“His girlfriend was eighteen. Her name was Julie Park.” From her picture she was Asian, young and pretty. “They were found on the Putah Creek twelve days ago. The killer made no attempt to conceal the bodies.”
She moves down with her pointer. “The next two were found four days later. Sharon Collins, twenty-two, Acosta’s niece, and Rodney Slate, same age. Again no ID’s. The bodies were left exposed on the ground.”
She points to the next faces of death, more aged this time, staring out at me from the cork board. “The last two you saw at the scene, Abbott and Karen Scofield.”
The woman’s head reveals a dark forlorn cavern on one side of her face, the grotesque image of an empty eye socket, several sharp cuts on the cheek and brow around the vacant cavity.
“For some reason he left their wallets and her purse. Maybe something disturbed him, we don’t know. Scofield and his wife were divorced. He was a member of the faculty at the university, a scientist. Ornithology, I believe.” For the first time, she is looking at notes.

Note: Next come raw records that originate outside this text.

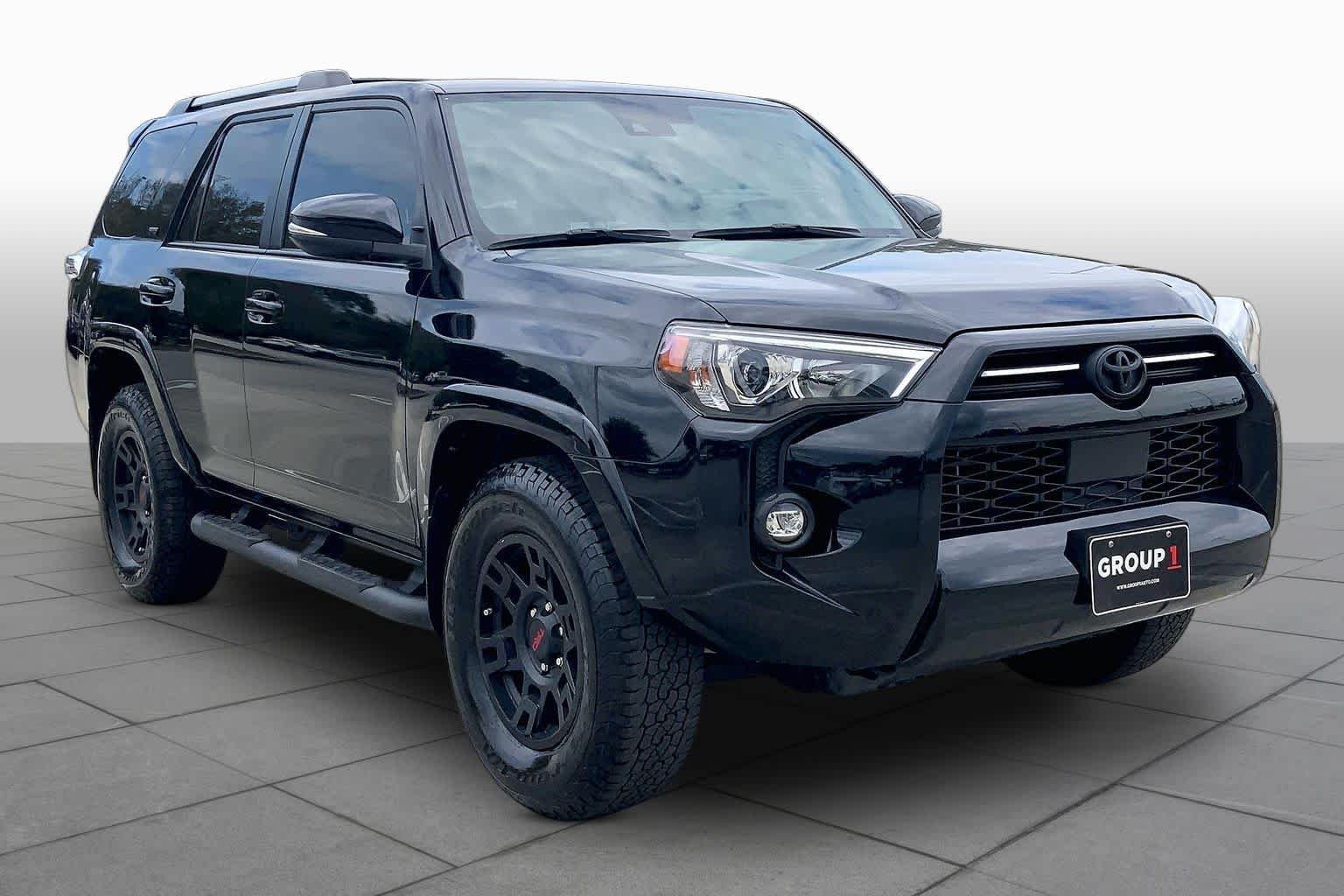 Used 2023 Midnight Black Metallic Toyota SR5 Premium image 3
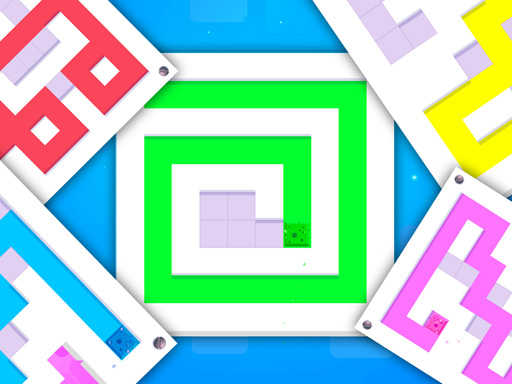 Paint Sponges Puzzle Logo
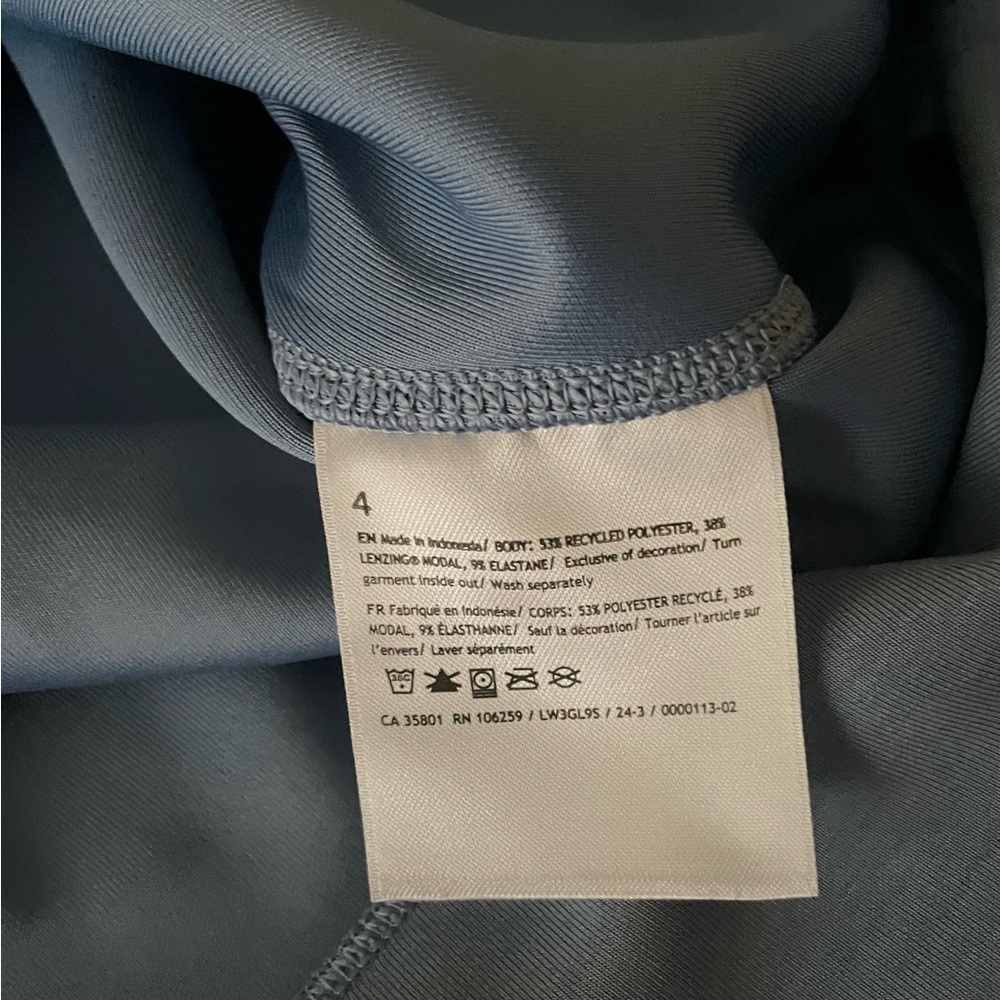 Lululemon Softstreme Perfectly Oversized Cropped Crew - Picture 6 of 6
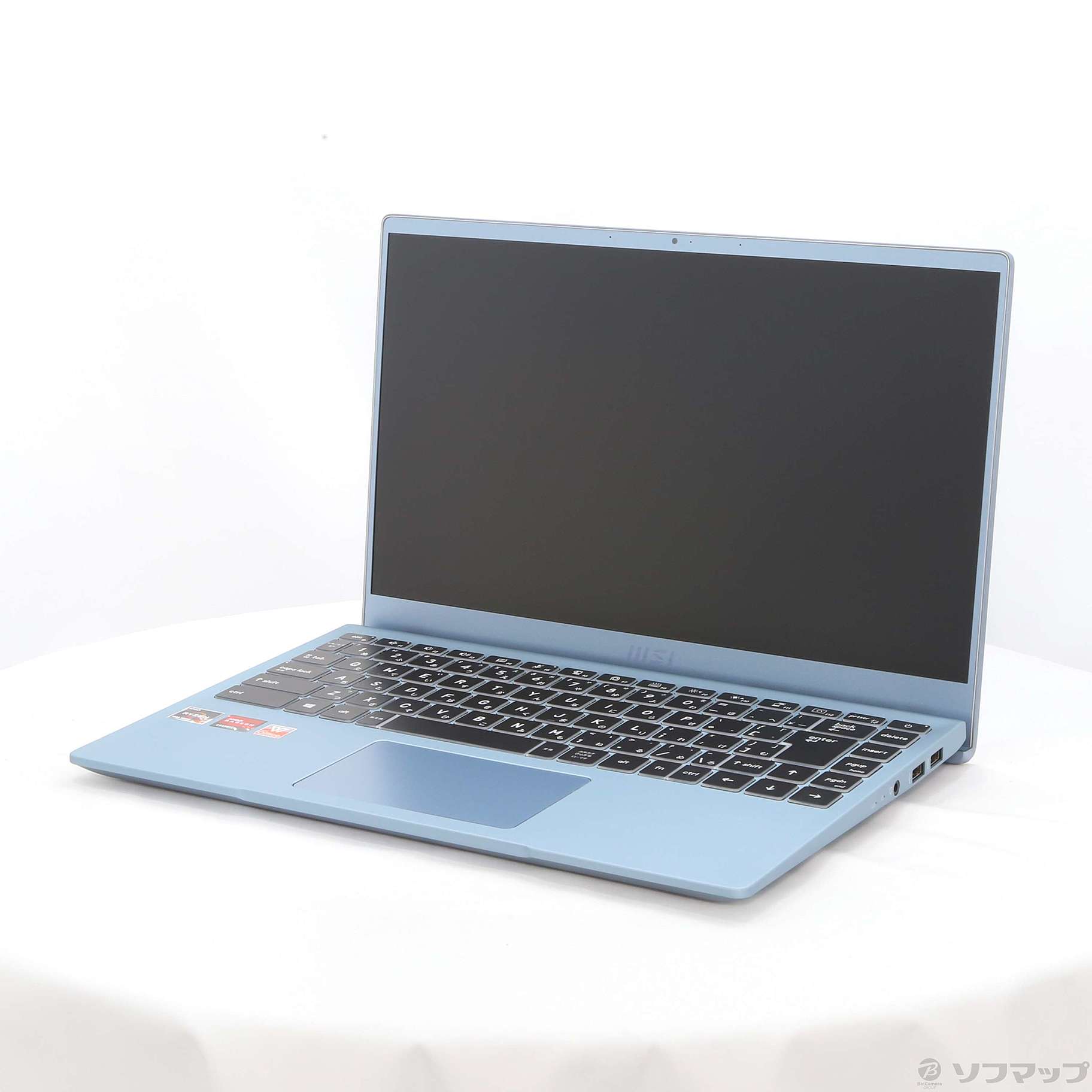 【中古】〔展示品〕 Modern 14 B4M Modern-14-B4MW-228JP ブルーストーン 〔Windows 10 ...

I make a face, like this is Greek to me.
“Study of birds,” she says.
She approaches one of the tables, this one heaped with clothing. It might be anyone’s laundry, except for the large blotches of dried blood on the white shirt and trousers in one of the piles. These are sorted on separate areas of the table, ready for placement in large paper bags numbered and marked for identification, part of the budding chain of evidence.
I notice that the buttons are all missing from the dress shirt. She tells me she cut these off at the crime scene and bagged them for evidence. They have gone down to latent prints, to be smoked in a chamber of heated super glue. It’s a long shot but maybe the killer got careless and touched one of the buttons without gloves.
If the local politicos are worried about a botched crime scene, in Kay Sellig they have been smiled on by the gods of good fortune.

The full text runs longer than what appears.